- Task: Please give back only the lines below from the one containing "Private Label Kojic" to the one containing "Cybersecurity: Virus Hunter", each repeated word for word, both ends included.

- Exercise inputs:
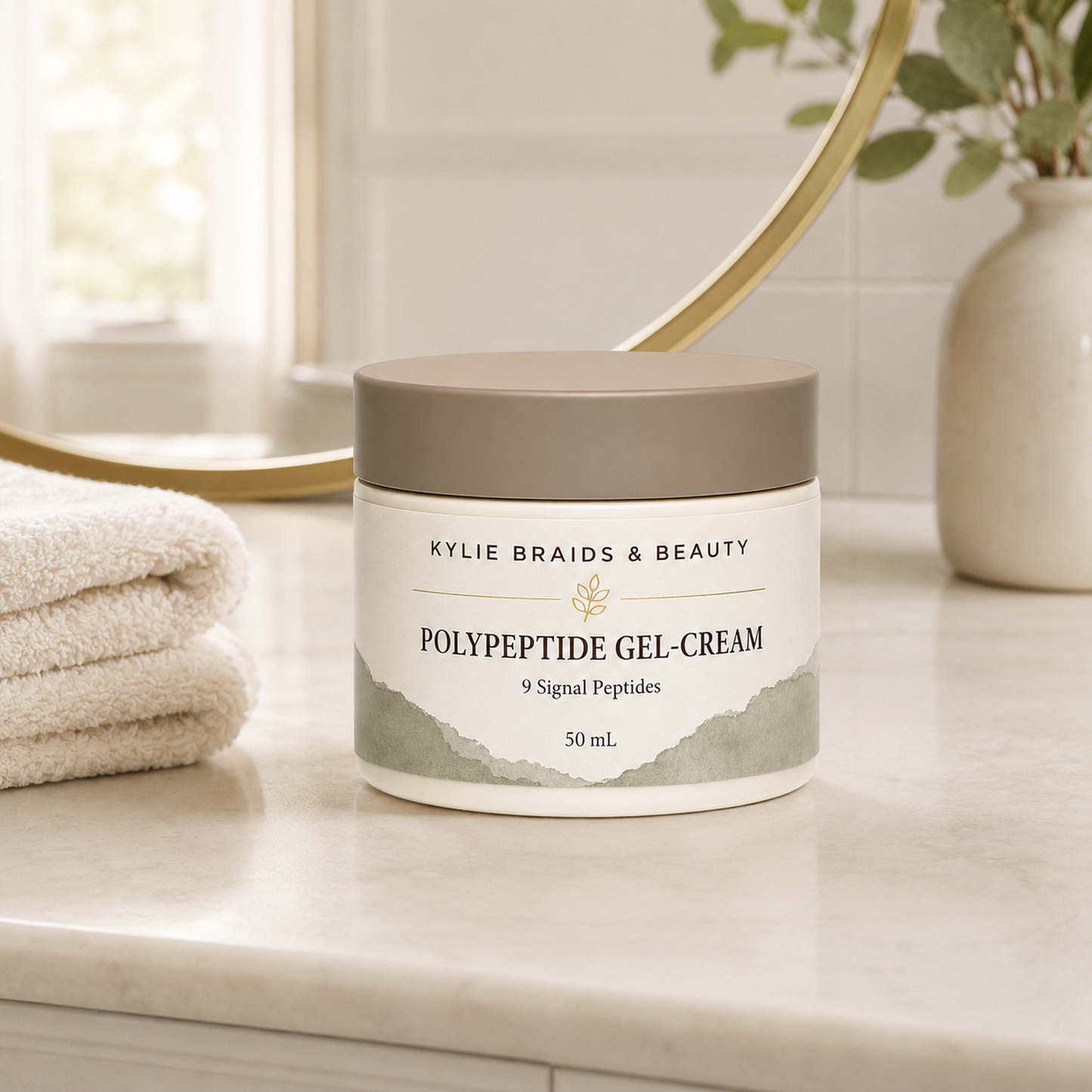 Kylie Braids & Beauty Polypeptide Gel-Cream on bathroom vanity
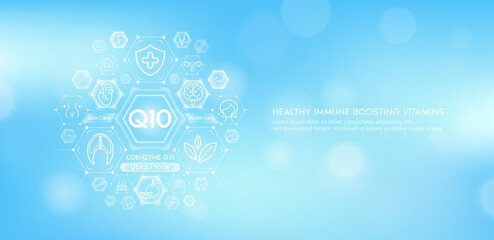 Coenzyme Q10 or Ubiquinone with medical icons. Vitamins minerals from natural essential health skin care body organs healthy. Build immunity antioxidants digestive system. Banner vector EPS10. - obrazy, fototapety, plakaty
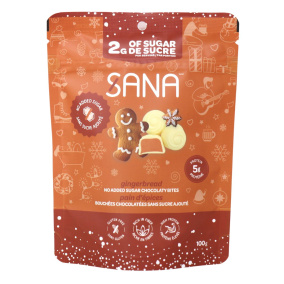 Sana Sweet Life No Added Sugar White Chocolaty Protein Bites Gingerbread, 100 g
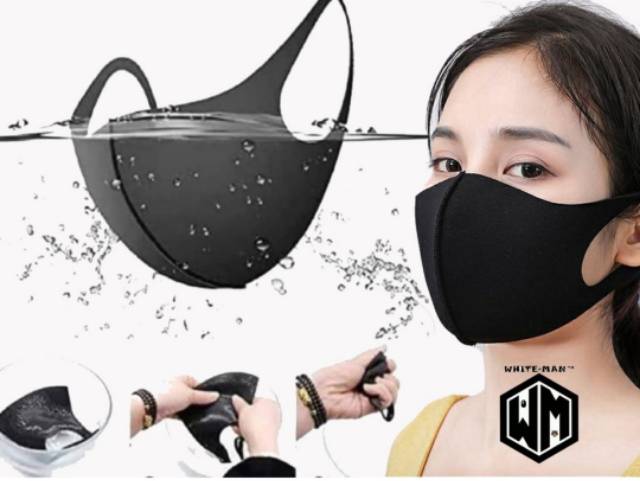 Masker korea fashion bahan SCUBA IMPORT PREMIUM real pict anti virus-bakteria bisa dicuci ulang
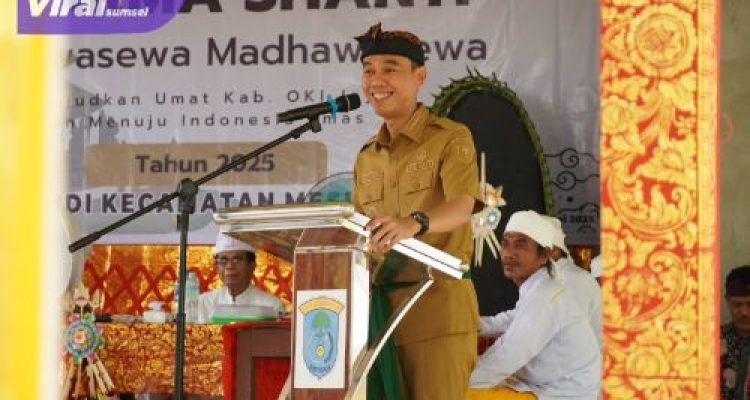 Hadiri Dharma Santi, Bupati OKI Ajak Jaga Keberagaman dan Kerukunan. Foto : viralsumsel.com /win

==

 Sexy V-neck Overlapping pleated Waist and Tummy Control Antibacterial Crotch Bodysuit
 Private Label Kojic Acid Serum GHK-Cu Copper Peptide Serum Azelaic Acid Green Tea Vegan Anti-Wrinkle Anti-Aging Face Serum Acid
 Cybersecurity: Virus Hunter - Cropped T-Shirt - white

- Problem solution:
 Private Label Kojic Acid Serum GHK-Cu Copper Peptide Serum Azelaic Acid Green Tea Vegan Anti-Wrinkle Anti-Aging Face Serum Acid
 Cybersecurity: Virus Hunter - Cropped T-Shirt - white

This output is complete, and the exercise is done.